> It's not unheard of for an officer themselves to be the stalker
This was one of the motivations for passage of the Driver's Privacy Protection Act of 1994. Nowadays, officers need a legitimate reason to run a plate - unless the patrol car is fitted with automatic cameras[1] that look up every plate of every car they drive past.
> The Virginia state police used license plate readers to track people’s attendance at political events; > The New York Police Department used license plate readers to keep track of who visited certain places of worship, and how often;
> Despite all this surveillance, ALPR technology has been repeatedly shown to be unreliable; like other police technologies, ALPRs can and do make mistakes.[2]

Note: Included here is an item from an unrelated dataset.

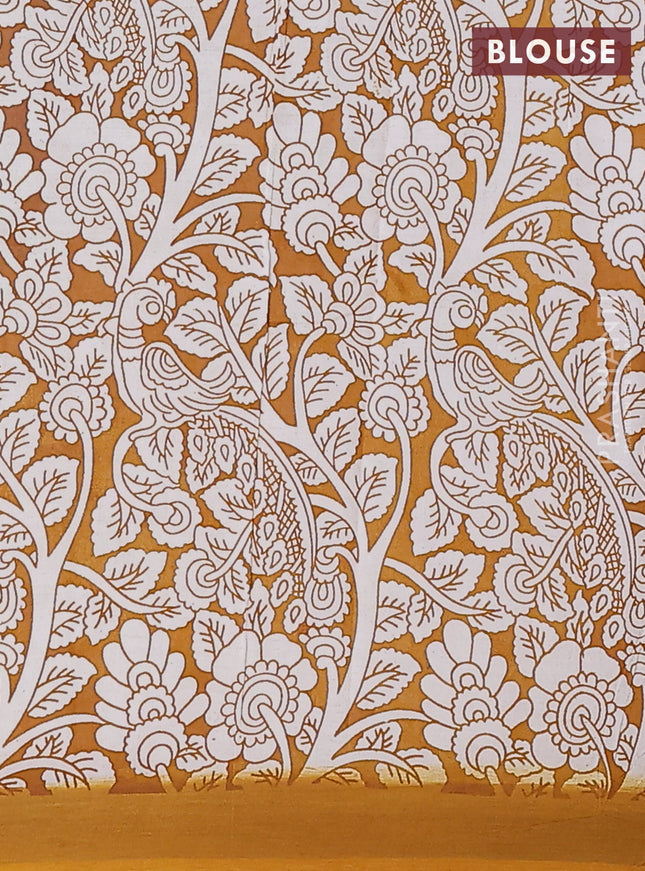 Kalamkari semi silk saree teal green and mustard yellow with allover prints and simple border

Generally, court decisions have held that you have zero expectation of privacy when you are in public spaces. Current license plate standards[3] aim for plates that are not cluttered and are easily read by the human eyeball, despite being wrapped with license plate frames (which usually make the state hard/impossible to read which is the most common failure mode for ANLR[4]). If the reflectivity material (traditionally called "ScotchLite"[5]) is worn out (or defaced), most states require the plate to be replaced.
Notes:
0 - https://en.wikipedia.org/wiki/Driver%27s_Privacy_Protection_... Prior to passage, a slang term for running/looking up the plate/registration of a car with a pretty woman driver was "running a date".
1 - https://sls.eff.org/technologies/automated-license-plate-rea...
2 - https://www.aclum.org/publications/what-you-need-know-about-...
3 - https://www.aamva.org/getmedia/646bcc8a-219b-47d8-b5cd-72624...
4 - https://www.aamva.org/getmedia/0063bf88-cb44-4ab9-90b6-200c8...
5 - https://www.3m.com/3M/en_US/scotchlite-reflective-material-u...
Disclaimers:
I used to work for my state's motor vehicle department and had database/developer access to driving licenses and motor vehicle registration records.